**Exercise**
Transcribe exactly the line containing "Roque de Agando" plus every later line in the data.
[[ Records provided, beginning ]]
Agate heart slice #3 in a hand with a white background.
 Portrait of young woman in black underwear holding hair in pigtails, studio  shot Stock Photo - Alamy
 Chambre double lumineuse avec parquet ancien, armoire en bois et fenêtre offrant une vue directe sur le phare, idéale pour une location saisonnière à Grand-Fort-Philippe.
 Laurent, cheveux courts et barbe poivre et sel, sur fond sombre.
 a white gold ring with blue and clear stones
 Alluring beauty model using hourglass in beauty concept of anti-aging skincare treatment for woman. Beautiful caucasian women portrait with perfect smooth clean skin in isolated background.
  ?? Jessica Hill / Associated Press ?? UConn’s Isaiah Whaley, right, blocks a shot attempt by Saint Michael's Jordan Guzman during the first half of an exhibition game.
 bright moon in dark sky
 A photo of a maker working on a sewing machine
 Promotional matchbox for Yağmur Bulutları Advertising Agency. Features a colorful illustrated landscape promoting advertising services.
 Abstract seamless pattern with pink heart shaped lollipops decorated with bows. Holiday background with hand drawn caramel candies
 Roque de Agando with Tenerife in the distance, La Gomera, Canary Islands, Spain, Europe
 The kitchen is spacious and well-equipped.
[[ Records provided, end ]]
**Response area**
 Roque de Agando with Tenerife in the distance, La Gomera, Canary Islands, Spain, Europe
 The kitchen is spacious and well-equipped.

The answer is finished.